*TASK DIRECTIONS:* Write out nothing but the lines from the one containing "Triple-level deck in" through the last line below, both included, and without the pictures.

*SOURCE MATERIAL:*
◇ ◇ ◇ ◇

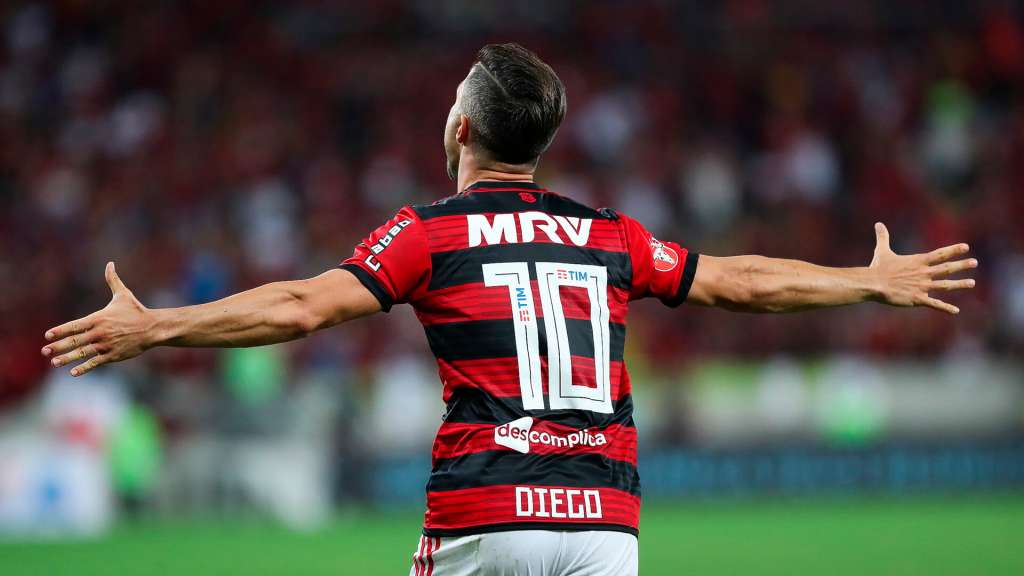 Diego tem contrato com o Flamengo até dezembro de 2020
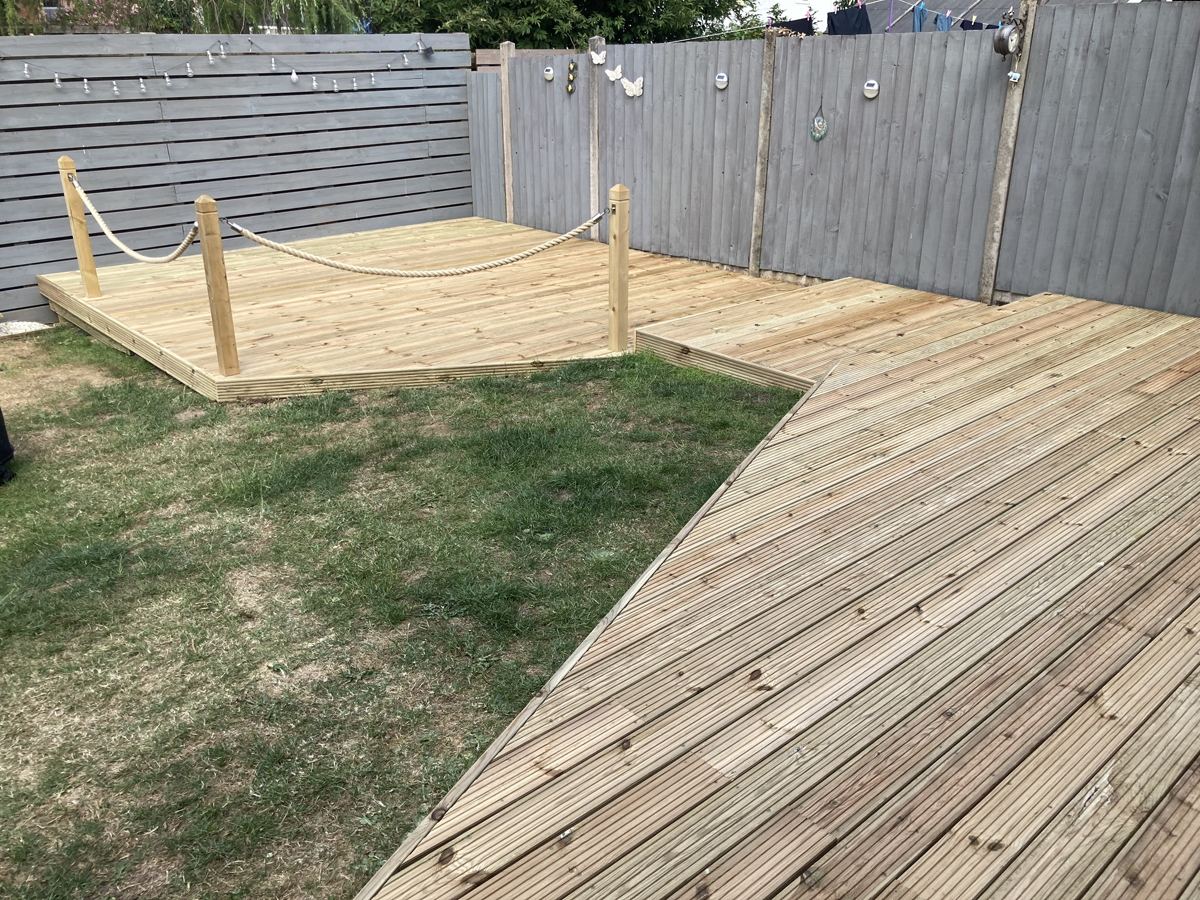 Triple-level deck in Cardiff: finished, with rope balustrade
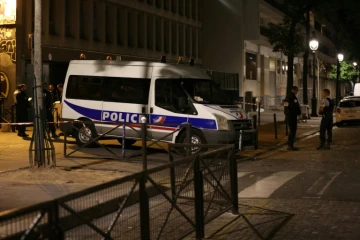 Enquêteurs de la police française après l'agression à l'arme blanche, dimanche 9 septembre 2018 à Paris.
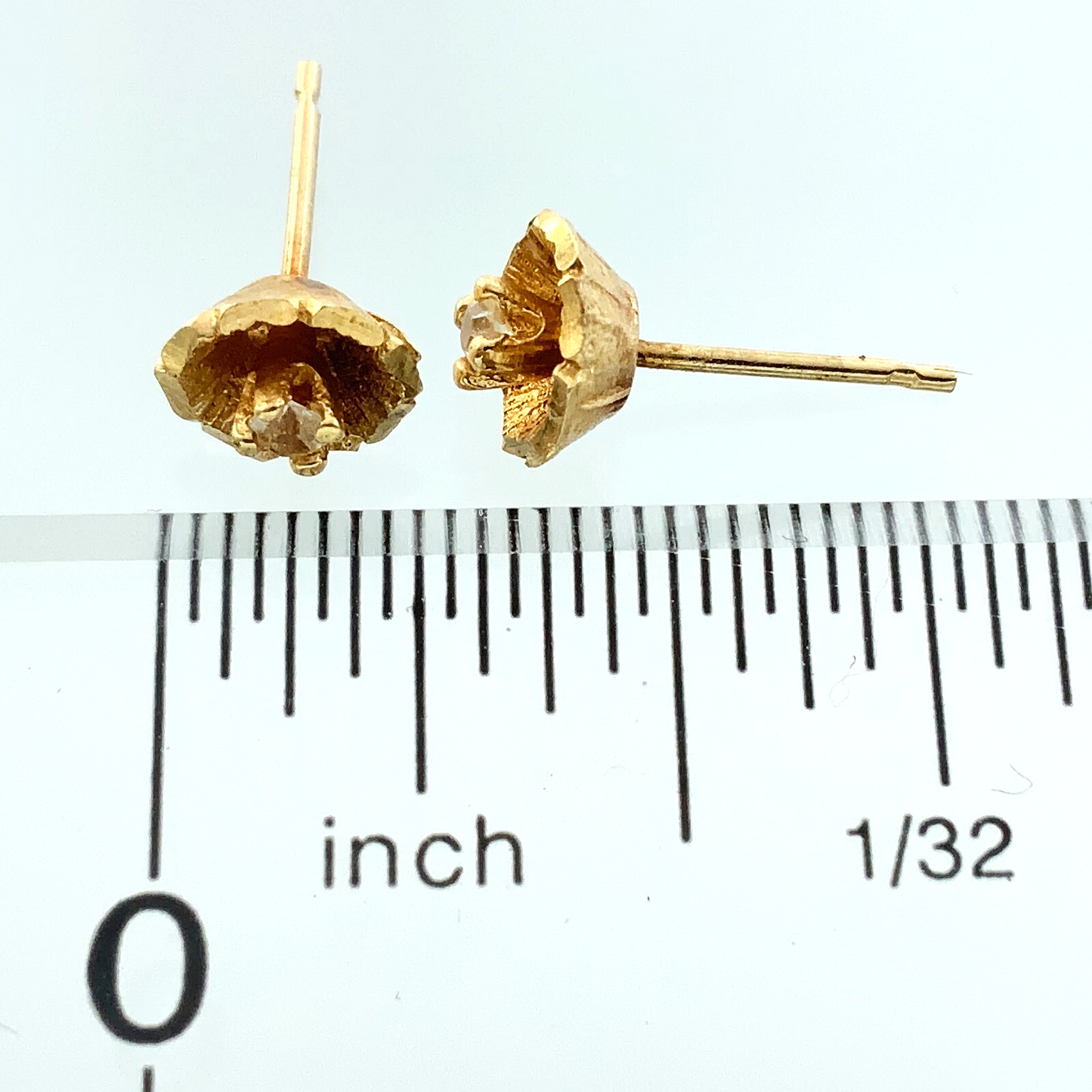 10K Yellow Gold Flower Pedal Stud Earrings AU217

◇ ◇ ◇ ◇

*RESPONSE TO THE EXERCISE:*
 Triple-level deck in Cardiff: finished, with rope balustrade
 Enquêteurs de la police française après l'agression à l'arme blanche, dimanche 9 septembre 2018 à Paris.
 10K Yellow Gold Flower Pedal Stud Earrings AU217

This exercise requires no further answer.